Ray M. Longyear Lecture, Musicology/Ethnomusicology

Women of Color Creating Change: Taiko, FandangObon, and Asian American Arts Activism

Deborah Wong (University of California, Riverside)

How do some Asian American women use the arts to create change? How do they work for, with, and beyond their own communities? I explore two case studies from my current work in the public sphere. One is a group of women – cis, queer, straight, trans, mostly but not entirely Asian American, mostly but not entirely based in North America – who want to address gendered values within the taiko community. The other is FandangObon, an ongoing Asian American/Chicanx collaboration between the legendary Japanese American activist Nobuko Miyamoto and the East LA band Quetzal, who have found a vibrant connection between the contemporary son jarocho movement and the post-internment efflorescence of Japanese American summer festival dance. 

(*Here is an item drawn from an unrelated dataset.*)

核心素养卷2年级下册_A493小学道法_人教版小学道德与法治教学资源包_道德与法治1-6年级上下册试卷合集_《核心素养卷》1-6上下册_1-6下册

The praxis of encounter and group collaboration is the heart of both efforts. I reflect on those details to consider the power of interethnic collaboration that is explicitly theorized, using ideas from feminism, decolonial theory, and community organizing. Who is ‘at home’ and who is a guest in the living room? What are the politics of aggrieved communities choosing to work together? How and why doesmusic and dance create such powerful means for connection?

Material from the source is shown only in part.